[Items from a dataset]
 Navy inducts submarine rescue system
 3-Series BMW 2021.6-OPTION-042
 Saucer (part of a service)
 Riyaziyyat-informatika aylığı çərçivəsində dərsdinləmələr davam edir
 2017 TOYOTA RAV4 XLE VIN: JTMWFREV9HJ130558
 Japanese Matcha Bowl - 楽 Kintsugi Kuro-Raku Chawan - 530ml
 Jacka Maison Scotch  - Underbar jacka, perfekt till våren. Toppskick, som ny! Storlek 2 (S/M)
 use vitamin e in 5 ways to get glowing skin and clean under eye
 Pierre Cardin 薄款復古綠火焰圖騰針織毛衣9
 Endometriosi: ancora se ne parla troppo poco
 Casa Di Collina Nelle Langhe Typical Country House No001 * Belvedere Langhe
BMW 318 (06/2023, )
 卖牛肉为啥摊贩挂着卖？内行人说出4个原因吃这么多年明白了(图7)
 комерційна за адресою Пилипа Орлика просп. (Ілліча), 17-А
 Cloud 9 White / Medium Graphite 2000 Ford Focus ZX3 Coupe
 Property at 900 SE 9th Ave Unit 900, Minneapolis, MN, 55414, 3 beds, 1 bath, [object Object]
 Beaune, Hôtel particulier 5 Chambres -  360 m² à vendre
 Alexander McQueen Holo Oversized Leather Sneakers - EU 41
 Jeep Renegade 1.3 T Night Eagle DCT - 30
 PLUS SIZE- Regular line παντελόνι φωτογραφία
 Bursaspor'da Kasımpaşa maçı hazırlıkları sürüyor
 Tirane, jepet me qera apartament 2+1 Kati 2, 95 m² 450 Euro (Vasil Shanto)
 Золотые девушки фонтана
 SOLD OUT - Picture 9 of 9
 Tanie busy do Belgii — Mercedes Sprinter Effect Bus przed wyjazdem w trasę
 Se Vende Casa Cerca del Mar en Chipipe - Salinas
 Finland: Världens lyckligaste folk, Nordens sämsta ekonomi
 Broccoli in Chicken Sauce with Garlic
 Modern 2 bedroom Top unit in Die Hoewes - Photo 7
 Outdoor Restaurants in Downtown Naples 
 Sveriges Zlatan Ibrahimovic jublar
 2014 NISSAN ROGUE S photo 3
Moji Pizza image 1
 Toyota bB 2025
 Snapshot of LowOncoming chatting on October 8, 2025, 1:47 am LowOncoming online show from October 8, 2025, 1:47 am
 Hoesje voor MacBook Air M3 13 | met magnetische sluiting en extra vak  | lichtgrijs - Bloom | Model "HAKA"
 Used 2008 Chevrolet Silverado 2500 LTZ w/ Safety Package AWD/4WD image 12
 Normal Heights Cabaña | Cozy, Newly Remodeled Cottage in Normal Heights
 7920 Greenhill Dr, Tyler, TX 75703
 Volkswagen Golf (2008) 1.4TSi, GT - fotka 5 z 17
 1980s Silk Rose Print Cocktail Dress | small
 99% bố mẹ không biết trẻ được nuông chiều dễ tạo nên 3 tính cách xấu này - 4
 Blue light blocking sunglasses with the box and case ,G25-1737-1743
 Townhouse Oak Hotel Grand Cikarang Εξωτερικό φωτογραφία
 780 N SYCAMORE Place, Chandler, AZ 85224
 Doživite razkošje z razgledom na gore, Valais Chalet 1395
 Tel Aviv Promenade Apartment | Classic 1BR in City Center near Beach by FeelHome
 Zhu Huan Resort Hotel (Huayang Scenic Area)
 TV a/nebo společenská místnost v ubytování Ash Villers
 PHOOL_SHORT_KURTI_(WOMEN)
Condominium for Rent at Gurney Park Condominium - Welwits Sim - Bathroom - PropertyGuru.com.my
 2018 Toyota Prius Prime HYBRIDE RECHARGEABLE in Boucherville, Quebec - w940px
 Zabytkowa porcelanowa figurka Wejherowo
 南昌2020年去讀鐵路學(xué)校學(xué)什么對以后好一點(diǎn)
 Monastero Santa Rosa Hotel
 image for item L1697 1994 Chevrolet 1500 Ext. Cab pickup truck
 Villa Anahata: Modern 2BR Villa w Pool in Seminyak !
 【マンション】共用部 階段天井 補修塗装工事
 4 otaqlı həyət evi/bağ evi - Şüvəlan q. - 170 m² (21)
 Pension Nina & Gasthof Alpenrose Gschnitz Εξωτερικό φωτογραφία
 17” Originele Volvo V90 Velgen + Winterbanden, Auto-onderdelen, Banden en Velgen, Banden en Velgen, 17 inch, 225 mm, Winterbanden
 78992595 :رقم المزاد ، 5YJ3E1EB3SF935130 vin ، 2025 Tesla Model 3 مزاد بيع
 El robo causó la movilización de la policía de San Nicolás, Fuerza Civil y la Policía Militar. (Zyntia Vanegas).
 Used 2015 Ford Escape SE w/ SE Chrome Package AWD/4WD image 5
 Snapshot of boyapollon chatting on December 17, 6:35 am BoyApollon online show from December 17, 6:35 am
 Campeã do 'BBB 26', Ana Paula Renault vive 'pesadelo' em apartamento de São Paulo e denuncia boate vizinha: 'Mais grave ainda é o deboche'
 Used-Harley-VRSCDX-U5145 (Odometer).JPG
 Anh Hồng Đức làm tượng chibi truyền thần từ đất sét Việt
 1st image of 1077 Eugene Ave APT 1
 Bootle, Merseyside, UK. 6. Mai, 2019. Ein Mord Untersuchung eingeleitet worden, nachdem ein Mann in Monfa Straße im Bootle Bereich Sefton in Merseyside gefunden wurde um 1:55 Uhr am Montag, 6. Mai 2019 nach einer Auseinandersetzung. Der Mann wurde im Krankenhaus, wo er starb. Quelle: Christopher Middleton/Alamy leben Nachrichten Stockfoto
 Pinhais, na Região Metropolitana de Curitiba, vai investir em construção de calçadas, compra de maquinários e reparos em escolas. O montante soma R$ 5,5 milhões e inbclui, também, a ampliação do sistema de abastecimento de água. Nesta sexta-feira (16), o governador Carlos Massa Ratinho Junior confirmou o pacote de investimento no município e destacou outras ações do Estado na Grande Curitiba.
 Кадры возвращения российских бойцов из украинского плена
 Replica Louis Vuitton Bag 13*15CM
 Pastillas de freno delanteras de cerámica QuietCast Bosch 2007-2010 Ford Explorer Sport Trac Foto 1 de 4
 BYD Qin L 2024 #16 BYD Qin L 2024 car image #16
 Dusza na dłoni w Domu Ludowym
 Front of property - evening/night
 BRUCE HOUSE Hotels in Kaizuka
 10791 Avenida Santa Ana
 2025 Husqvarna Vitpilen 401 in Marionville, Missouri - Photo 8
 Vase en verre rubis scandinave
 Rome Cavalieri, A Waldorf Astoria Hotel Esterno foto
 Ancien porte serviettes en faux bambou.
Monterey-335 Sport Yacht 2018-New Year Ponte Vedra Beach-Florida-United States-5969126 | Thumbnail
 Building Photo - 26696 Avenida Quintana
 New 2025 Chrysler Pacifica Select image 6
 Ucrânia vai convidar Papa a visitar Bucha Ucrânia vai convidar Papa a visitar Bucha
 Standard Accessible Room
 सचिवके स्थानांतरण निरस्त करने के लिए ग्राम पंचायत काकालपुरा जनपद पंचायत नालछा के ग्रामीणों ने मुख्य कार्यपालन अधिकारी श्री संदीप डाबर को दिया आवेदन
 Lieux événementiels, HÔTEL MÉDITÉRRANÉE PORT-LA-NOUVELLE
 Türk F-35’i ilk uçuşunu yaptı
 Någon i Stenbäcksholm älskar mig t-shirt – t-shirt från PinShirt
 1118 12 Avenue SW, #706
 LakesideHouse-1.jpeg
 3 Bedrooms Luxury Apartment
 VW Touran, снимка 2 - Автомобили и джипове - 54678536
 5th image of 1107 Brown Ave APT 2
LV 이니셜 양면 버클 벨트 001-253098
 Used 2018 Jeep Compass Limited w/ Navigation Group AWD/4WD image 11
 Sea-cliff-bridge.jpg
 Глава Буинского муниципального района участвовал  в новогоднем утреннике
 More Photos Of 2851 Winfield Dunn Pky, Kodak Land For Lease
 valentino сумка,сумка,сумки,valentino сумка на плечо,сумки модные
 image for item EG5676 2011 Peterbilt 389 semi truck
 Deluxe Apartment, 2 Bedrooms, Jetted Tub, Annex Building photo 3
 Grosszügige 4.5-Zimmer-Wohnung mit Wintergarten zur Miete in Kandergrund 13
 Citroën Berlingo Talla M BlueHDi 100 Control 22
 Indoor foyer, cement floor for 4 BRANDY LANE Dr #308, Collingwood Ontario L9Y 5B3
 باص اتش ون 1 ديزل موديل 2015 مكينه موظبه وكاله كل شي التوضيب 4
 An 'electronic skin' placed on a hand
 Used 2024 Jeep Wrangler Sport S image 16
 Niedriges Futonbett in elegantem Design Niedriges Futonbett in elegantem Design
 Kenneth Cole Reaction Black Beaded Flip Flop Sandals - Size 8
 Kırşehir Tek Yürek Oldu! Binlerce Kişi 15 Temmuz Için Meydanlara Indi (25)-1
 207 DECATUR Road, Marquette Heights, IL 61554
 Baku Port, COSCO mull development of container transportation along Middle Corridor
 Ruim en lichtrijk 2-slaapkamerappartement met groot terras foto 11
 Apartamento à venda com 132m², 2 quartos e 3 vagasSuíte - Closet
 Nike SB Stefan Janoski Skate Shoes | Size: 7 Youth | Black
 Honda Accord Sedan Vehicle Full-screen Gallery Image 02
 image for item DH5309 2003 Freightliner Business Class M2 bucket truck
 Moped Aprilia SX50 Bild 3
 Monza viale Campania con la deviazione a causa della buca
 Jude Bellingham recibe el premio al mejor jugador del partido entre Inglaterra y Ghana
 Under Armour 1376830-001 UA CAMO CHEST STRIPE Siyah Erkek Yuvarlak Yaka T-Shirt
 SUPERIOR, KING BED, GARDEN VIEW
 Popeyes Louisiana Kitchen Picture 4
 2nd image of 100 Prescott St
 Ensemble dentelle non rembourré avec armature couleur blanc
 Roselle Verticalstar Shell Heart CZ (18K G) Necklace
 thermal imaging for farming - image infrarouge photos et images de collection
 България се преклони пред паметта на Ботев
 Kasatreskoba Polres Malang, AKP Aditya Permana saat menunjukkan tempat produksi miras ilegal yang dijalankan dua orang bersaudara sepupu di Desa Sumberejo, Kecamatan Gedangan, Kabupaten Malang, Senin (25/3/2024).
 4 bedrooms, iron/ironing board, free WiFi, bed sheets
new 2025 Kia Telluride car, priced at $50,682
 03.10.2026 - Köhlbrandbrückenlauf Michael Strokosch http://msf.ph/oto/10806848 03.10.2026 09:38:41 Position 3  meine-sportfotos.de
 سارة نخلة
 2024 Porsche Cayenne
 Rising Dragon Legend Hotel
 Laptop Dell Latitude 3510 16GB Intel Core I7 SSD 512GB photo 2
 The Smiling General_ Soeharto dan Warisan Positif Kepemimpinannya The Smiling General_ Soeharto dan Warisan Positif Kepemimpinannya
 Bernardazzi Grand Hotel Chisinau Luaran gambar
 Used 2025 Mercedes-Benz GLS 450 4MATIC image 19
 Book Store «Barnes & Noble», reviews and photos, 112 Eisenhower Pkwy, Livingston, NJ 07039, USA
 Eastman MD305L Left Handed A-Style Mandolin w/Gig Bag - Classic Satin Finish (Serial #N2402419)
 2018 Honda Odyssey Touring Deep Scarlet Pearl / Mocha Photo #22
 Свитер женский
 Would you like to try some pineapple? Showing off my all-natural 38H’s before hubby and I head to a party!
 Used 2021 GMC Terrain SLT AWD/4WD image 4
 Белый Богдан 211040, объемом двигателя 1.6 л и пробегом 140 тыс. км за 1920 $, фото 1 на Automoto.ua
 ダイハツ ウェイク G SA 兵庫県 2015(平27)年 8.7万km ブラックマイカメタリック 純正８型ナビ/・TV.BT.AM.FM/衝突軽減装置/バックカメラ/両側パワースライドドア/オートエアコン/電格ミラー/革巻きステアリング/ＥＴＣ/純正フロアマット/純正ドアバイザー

--- Prompt ---
Go to the line with "3-Series BMW 2021.6-OPTION-042" in the entries above and repeat every line from there through the line with "Bursaspor'da Kasımpaşa maçı", exactly and with no other text.

--- Answer to the problem ---
 3-Series BMW 2021.6-OPTION-042
 Saucer (part of a service)
 Riyaziyyat-informatika aylığı çərçivəsində dərsdinləmələr davam edir
 2017 TOYOTA RAV4 XLE VIN: JTMWFREV9HJ130558
 Japanese Matcha Bowl - 楽 Kintsugi Kuro-Raku Chawan - 530ml
 Jacka Maison Scotch  - Underbar jacka, perfekt till våren. Toppskick, som ny! Storlek 2 (S/M)
 use vitamin e in 5 ways to get glowing skin and clean under eye
 Pierre Cardin 薄款復古綠火焰圖騰針織毛衣9
 Endometriosi: ancora se ne parla troppo poco
 Casa Di Collina Nelle Langhe Typical Country House No001 * Belvedere Langhe
BMW 318 (06/2023, )
 卖牛肉为啥摊贩挂着卖？内行人说出4个原因吃这么多年明白了(图7)
 комерційна за адресою Пилипа Орлика просп. (Ілліча), 17-А
 Cloud 9 White / Medium Graphite 2000 Ford Focus ZX3 Coupe
 Property at 900 SE 9th Ave Unit 900, Minneapolis, MN, 55414, 3 beds, 1 bath, [object Object]
 Beaune, Hôtel particulier 5 Chambres -  360 m² à vendre
 Alexander McQueen Holo Oversized Leather Sneakers - EU 41
 Jeep Renegade 1.3 T Night Eagle DCT - 30
 PLUS SIZE- Regular line παντελόνι φωτογραφία
 Bursaspor'da Kasımpaşa maçı hazırlıkları sürüyor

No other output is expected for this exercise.